IEDE NEWS

Komisi Eropa Membuka Jalan untuk Aksi Makanan Vegan

Iede de VriesIede de Vries
Potret dekat sayuran di sebuah kios di pasar

Komisi Eropa telah membuka jalan bagi aksi pengumpulan tanda tangan tingkat UE untuk makanan vegan. Pekan lalu, Brussel menerima dokumen awal dan pernyataan dukungan dari "Inisiatif Warga Eropa (ECI) untuk Makanan Vegan".

Para penggagas inisiatif mendorong adanya undang-undang yang mewajibkan semua restoran dan tempat makan umum maupun kolektif untuk menyediakan alternatif vegan dalam menu mereka. Mereka memperkirakan hal ini akan memberikan dampak positif terhadap perubahan iklim, krisis keanekaragaman hayati, serta jaminan ketahanan pangan. 

Setelah pendaftaran ini, para penyelenggara memiliki waktu enam bulan untuk mengumpulkan tanda tangan di seluruh negara UE. Jika dalam waktu setahun ditemukan satu juta pendukung dari setidaknya tujuh negara anggota yang berbeda, Komisi Eropa harus merespons dengan jawaban yang beralasan.

Inisiatif warga serupa saat ini juga sedang berlangsung terkait penggunaan kandang dan sangkar dalam peternakan serta penggunaan bahan kimia dalam pertanian.

Partai untuk Hewan telah mendesak Komisi Eropa untuk menghentikan impor produk-produk Australia yang mengandung daging kangguru.

Anggota Parlemen Eropa Anja Hazekamp ingin mengetahui mengapa Brussel belum menanggapi penyelidikan parlemen di negara bagian Australia New South Wales terkait perburuan kangguru. 

Penyelidikan tersebut mengonfirmasi bahwa bayi kangguru yang sehat secara standar dibunuh selama perburuan.
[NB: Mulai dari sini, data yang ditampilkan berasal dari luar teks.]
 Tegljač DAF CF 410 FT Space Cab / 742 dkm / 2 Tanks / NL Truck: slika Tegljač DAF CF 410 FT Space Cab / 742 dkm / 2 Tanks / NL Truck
Selain itu, banyak kangguru terluka akibat tembakan jarak jauh, yang bertentangan dengan aturan Australia dan menyebabkan penderitaan hewan yang parah. 
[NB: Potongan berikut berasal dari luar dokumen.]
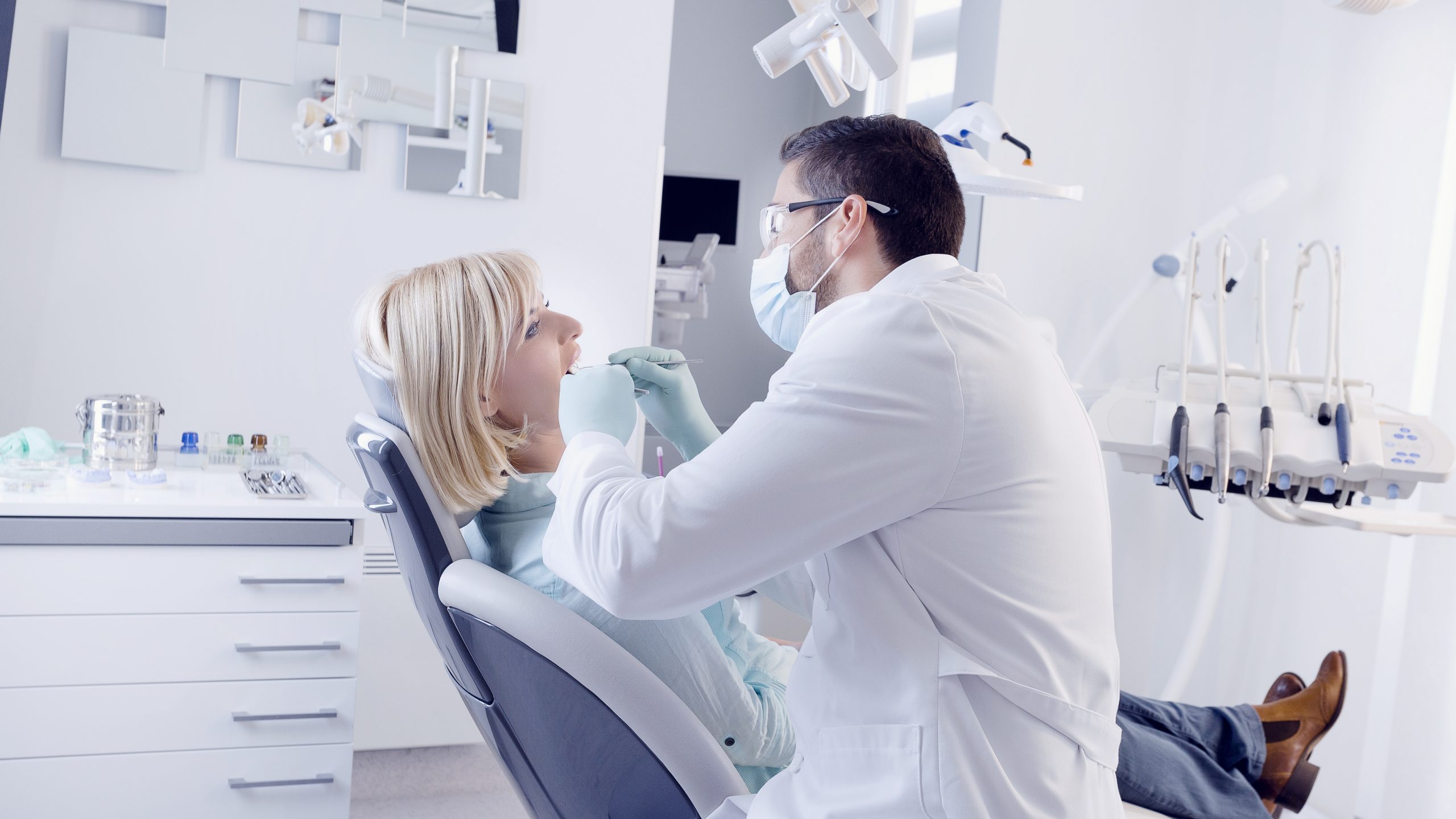 Dentist in Bellville, TX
Beberapa perusahaan besar, termasuk BOL.com asal Belanda, menghentikan penjualan kulit dan produk kangguru lainnya setelah penyelidikan ini. 
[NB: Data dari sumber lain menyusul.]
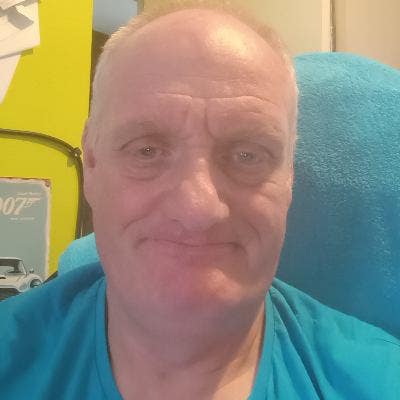 58 year old Male seeks a single or double room Main Photo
Partai untuk Hewan menyampaikan seruannya kepada Komisi Eropa pada Hari Kangguru Dunia.  Pada 2018, Hazekamp juga pernah menyerukan larangan impor menyusul dokumenter mengejutkan tentang perburuan kangguru. Namun saat itu Komisi Eropa tidak mengambil tindakan.

Artikel ini ditulis dan diterbitkan oleh Iede de Vries. Terjemahan dihasilkan secara otomatis dari versi bahasa Belanda asli.